Topological properties of figures (such as are given by Euler’s theorem and others to be discussed in this section) are of the greatest interest and importance in many mathematical investigations. They are in a sense the deepest and most fundamental of all geometrical properties, since they persist under the most drastic changes of shape.

2. Connectivity

As another example of two figures that are not topologically equivalent we may consider the plane domains of Figure 125. The first of these consists of all points interior to a circle, while the second consists of all points contained between two concentric circles. Any closed curve lying in the domain a can be continuously deformed or “shrunk” down to a single point within the domain. A domain with this property is said to be simply connected. The domain b is not simply connected. For example, a circle concentric with the two boundary circles and midway between them cannot be shrunk to a single point within the domain, since during this process the curve would necessarily pass over the center of the circles, which is not a point of the domain. A domain which is not simply connected is said to be multiply connected. If the multiply connected domain b is cut along a radius, as in Figure 126, the resulting domain is simply connected.

Fig. 125. Simple and double connectivity.

Fig. 126. Cutting a doubly connected domain to make it simply connected.
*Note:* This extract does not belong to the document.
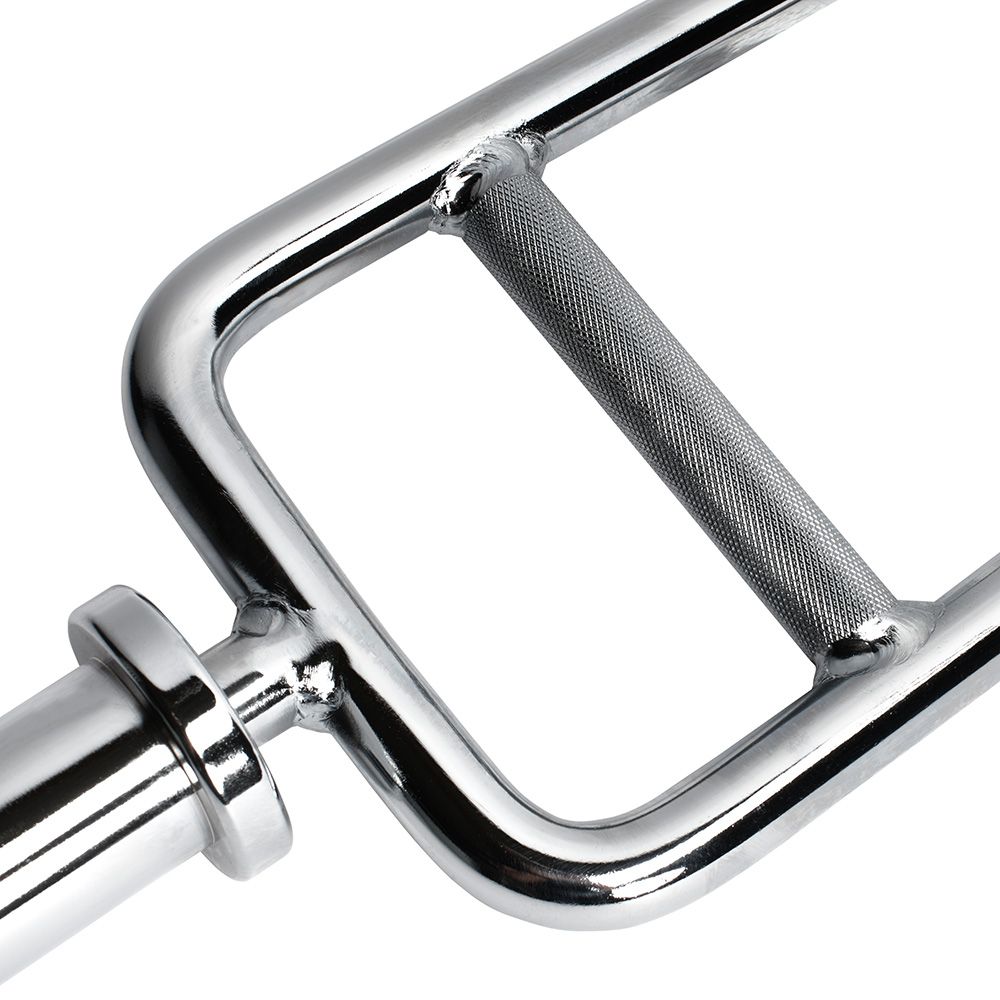 Detalj av Tricepsstang 50 mm 88 cm krom 9,6 kg grep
More generally, we can construct domains with two, three, or more “holes,” such as the domain of Figure 127. In order to convert this domain into a simply connected domain, two cuts are necessary. If n – 1 non-intersecting cuts from boundary to boundary are needed to convert a given multiply connected domain D into a simply connected domain, the domain D is said to be n-tuply connected. The degree of connectivity of a domain in the plane is an important topological invariant of the domain.

Fig. 127. Reduction of a triply connected domain.